Having gone through it all myself, I can't see it clearly sometimes, so it was extremely helpful to have Dr. C read through my paperwork and give me good advice. I feel encouraged that I'm doing the best I can do in this situation to take care of myself and get this straightened out. I'm not making this up, I'm not making a big deal out of nothing, I'm not being silly or wasting doctors' time.
Additionally, there were a few comments made in the paperwork by my previous doctor that bothered me, and I mentioned them to Dr. C. She laughed and said that those comments had bothered her, too, and they weren't the best way to phrase things. For example, during my initial exam with him, Dr. M (my previous doctor) saw endometriosis growing through my cervix, and he wanted to biopsy it right there. With no numbing or anything. He just wanted to chop it off. NO THANK YOU! I asked him (reasonably!) to please wait until I was under anesthesia, since I was already in pain.
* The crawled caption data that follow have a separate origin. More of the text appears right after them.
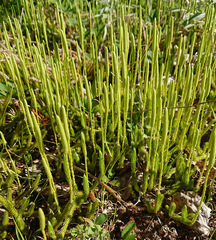 Lycopodium lagopus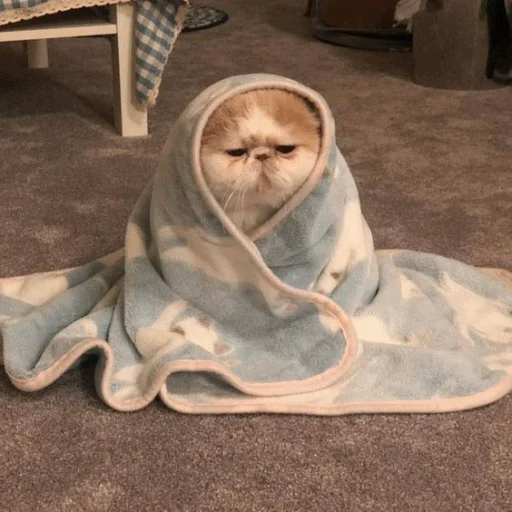 😑 Стикер «Meme Cat» для Telegram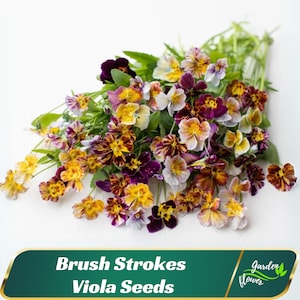 May include: A vibrant bouquet of Brush Strokes Viola Seeds, featuring a mix of yellow, purple, and white flowers. The flowers have intricate patterns and are set against green foliage. The image includes a green banner with the text "Brush Strokes Viola Seeds" and a logo.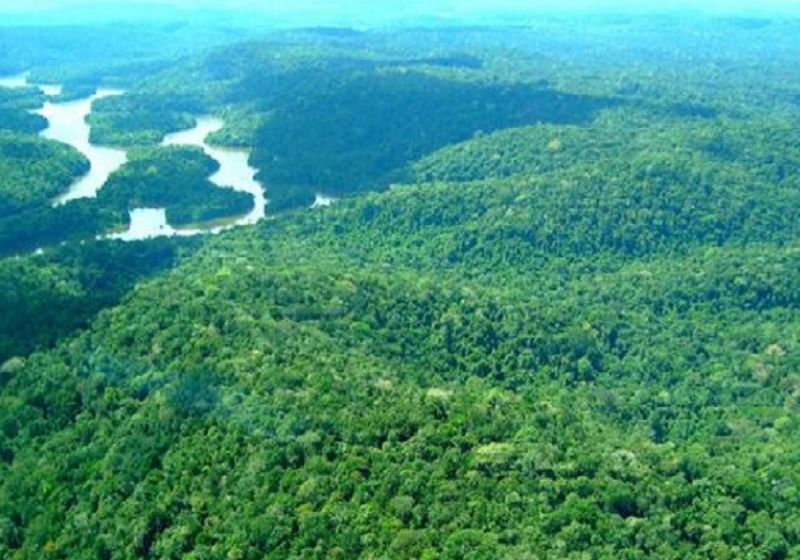 |Foto: Agência Pará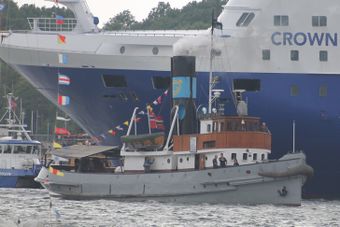 Styrbjørn i Bjørvika 2014 01.JPG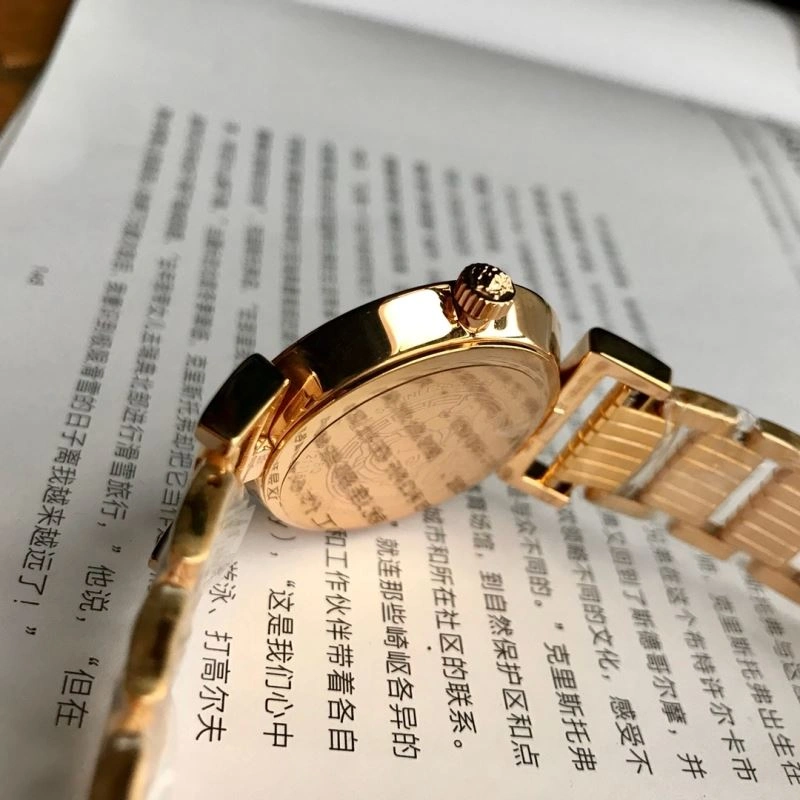 VERSACE Watches Stylish 207060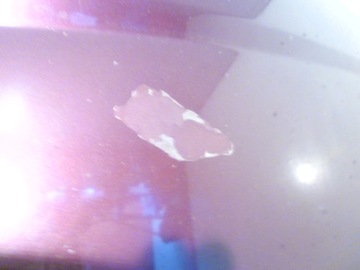 фото thumb №4, Капот перед opel vectra c signum z594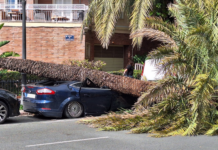 Alerta por fuerte viento: Valencia cierra parques, jardines y cementerios y suspende actividades al aire libre viento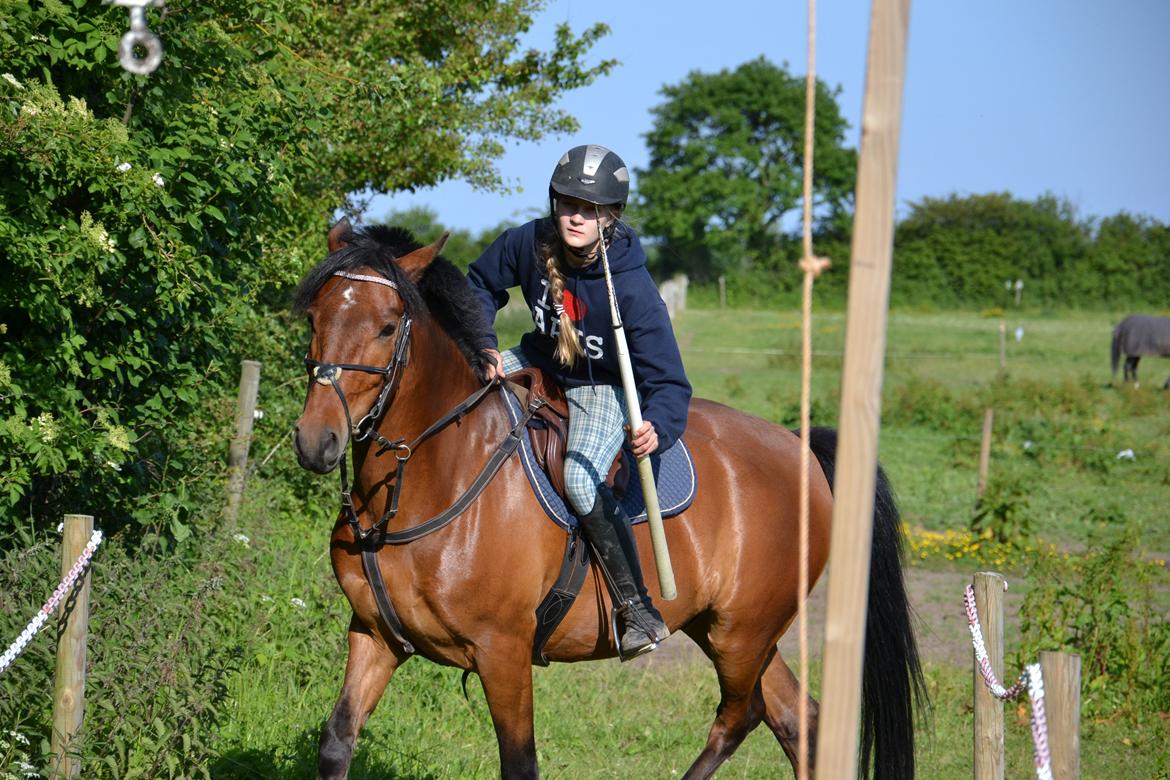 New Forest Enggårdens Conrad billede 9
He wrote in his report "Patient begged me to wait to biopsy suspected endo until anesthesia was provided". That word "begged" really bothered me. Would HE have liked someone to just hack something off him because it looked interesting? I bet not! I thought maybe I would come off as a difficult patient with new doctors when they read that.
Cindy WISELY pointed out to me last week when I mentioned those comments that when she reads a report (she's a special education teacher), she finds out more about the person writing the report than she finds out about the student, and it was probably that way with doctors, too. She said that a good doctor can read behind the report to the doctor writing it and will see through those sorts of comments. THANK YOU, CINDY, for sharing your brilliance with me!
So that's the story! Thanks for asking and praying for me. I appreciate all of you!